For now, I need a break. My heart is tired. My brain is tired. My body is pretty tired too. Writing has been good, important, and therapeutic, but not easy. I have always said I am a better writer than I am a speaker, so writing helps me sort out things my brain has all jumbled up inside. It’s quite draining essentially taking your heart and splattering it all over a computer screen. It has been a good, but difficult work. I still struggle many (most) days. Keller’s death is constantly in my line of vision. Sometimes I can function, and other times it clouds my view so much that I want to curl up into a ball and hide underneath the bed. A lot of days I want to curl up into a ball and hide underneath the bed.

Which leads into another message I need to share. Everyone grieves differently. I grieve through writing and reflection. However, I have only just now begun to grieve in this way. For the bulk of the first year, Keller’s death was still too raw and tender to approach in such a head on manner. If you are grieving, I pray you can grieve in just the way you need to grieve without any pressure to mourn in any sort of “right way”. I often put this pressure on myself whenever I experience emotions I believe are too unpleasant and unfit to experience. This kind of frustrates the process. Ride the waves and keep trusting. The Lord provides.

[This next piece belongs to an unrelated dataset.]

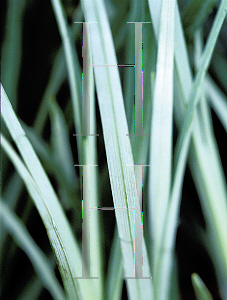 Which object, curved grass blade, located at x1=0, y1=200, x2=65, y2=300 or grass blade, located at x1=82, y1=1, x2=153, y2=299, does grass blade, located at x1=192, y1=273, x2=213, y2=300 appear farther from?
curved grass blade, located at x1=0, y1=200, x2=65, y2=300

Nathan and I thank you all with every ounce of strength we can muster up. You are the hands and feet of Jesus and you are doing a good work. Thank you for loving Keller Feller. He’s a really awesome kid, and it brings us giant joy knowing so many people know his name. It brings us even more joy knowing that Keller’s life proclaims the name of Jesus.

Let them see Jesus today.

Surrounded on every side. 


In the days following Keller’s death, Exodus 14 painted the perfect picture of the protection we felt from the Lord. In front and behind, the Isrealites saw only certain death. Threat of death was pressing in from every side, but Moses saw God. “Fear not. Stand firm…the Lord will fight for you. You need only be still.” The Lord made their pathway dry. Ominous waters towered above them on each side, but the Lord, He was in the dry ground. The Lord provided a light on an unknown and untraveled trail. The Lord created a barrier between His children and their enemies. The Lord surrounded His people on every side. They only needed to be still.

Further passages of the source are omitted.